The S&P 500 and Nasdaq Composite both declined on Tuesday following a grim warning by the camera and social media platform Snap (NYSE: SNAP). Snap Inc also saw its shares sink 43% after announcing that it would probably miss earnings and revenue targets for the ongoing quarter. In addition, the California-based company also stated that there would be a steep decline in hiring.

The gloomy forecast Snap provided swept through much of the tech space, with Meta Platforms (NASDAQ: FB) and Alphabet (NASDAQ: GOOGL) also impacted. Meta slumped 7.6%, while Google parent Alphabet saw its stock fall approximately 5%, hitting a new 52-week low. In addition, Amazon (NASDAQ: AMZN) also dropped to a new 52-week low as its shares concluded the day 3.2% lower. Furthermore, consumer electronics powerhouse Apple (NASDAQ: AAPL) also declined 1.9% during the same trading session.

The broader market also suffered as the tech-heavy Nasdaq dipped 2.4% to 11,264.45 while the S&P 500 retraced 0.8% to 3,941.48. Conversely, the Dow Jones Industrial Average (DJIA) inched 48.4 points (0.2%) upward to 31,928.62. This represents a substantial turnaround for the Dow because it had initially dropped 1.6% earlier in the trading session.

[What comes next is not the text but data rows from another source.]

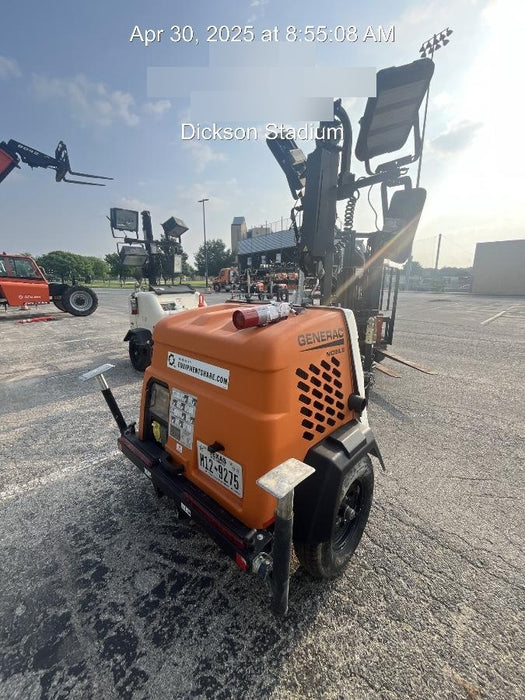 2023 Generac MLT2 Diesel, Flex Switch 120V Input, Powerzone Controller, (4) 320W LED Lights, 4kW Generator, 39.9 Gal Fuel Tank, 2" Ball, T3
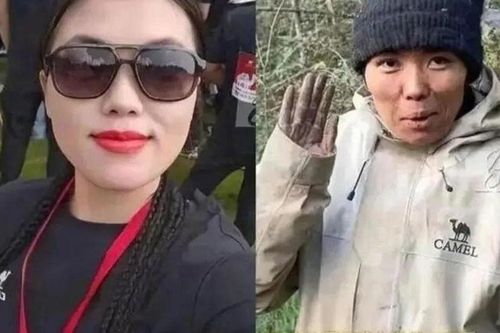 Ngoại hình gây sốc của cô gái TQ sau 14 ngày thi sinh tồn trên núi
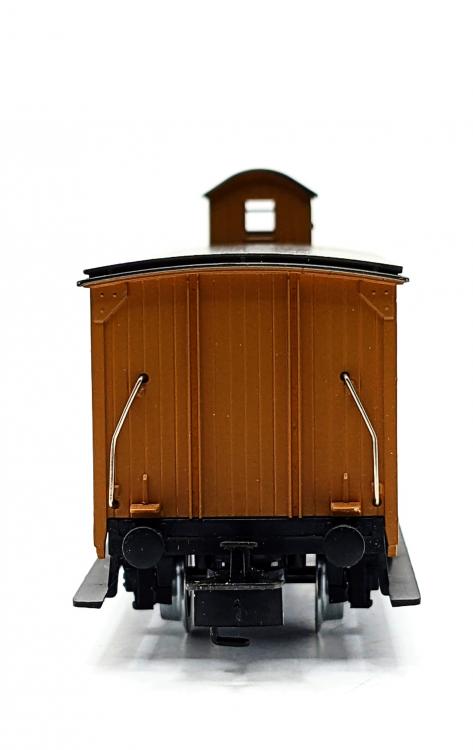 WAGON MUSEUM WURTTEMBERG GEBR.MARKLIN AND CO 600088 - MUSEUM 1985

The Dow’s fortunes received a major helping hand from UnitedHealth Group’s 1.1% ascension prior to the close. In addition, components of the blue-chip stock index such as IBM (NYSE: IBM), McDonald’s (NYSE: MCD), and Verizon (NYSE: VZ) all gained by more than 2% during the trade.

Analysts Offer Reasoning to the Snap-induced S&P 500, Nasdaq Slump

Commenting on the Snap earnings problem, Adam Crisafulli of Vital Knowledge stated:

“Some are a bit incredulous that a relatively small and perennially unprofitable ephemeral social media firm can take down the whole tape, but given how sensitive this tape is, SNAP is able to punch above its weight.”

In addition, the founder and president of Vital Knowledge also added:

“Tech still dominates the market, both numerically (it remains the biggest weighting) and psychologically, and despite aggressive liquidation in the last couple of months, people still own a lot of it.”

Analysts at Morgan Stanley also chipped in the aftermath of the Snap warning. According to them, all online ad platforms may experience some kind of impact, including customer pullback.

Rising Inflation & Hiked Interest Rates

The current inflationary threat in the US financial landscape has spawned a lot of talking points. Several market stakeholders have provided varying opinions on how the Federal Reserve should address the situation. In a series of tweets on Tuesday, billionaire hedge fund manager Bill Ackman supported the Fed’s decision toaggressively increase interest rates to arrest inflation. Furthermore, the hedge fund manager also said that investors would have to deal with this recourse inevitably. Ackman says this is the only way to avoid a full-on market collapse. According to him, “if the Fed doesn’t do its job, the market will do the Fed’s job, and that is what is happening now.”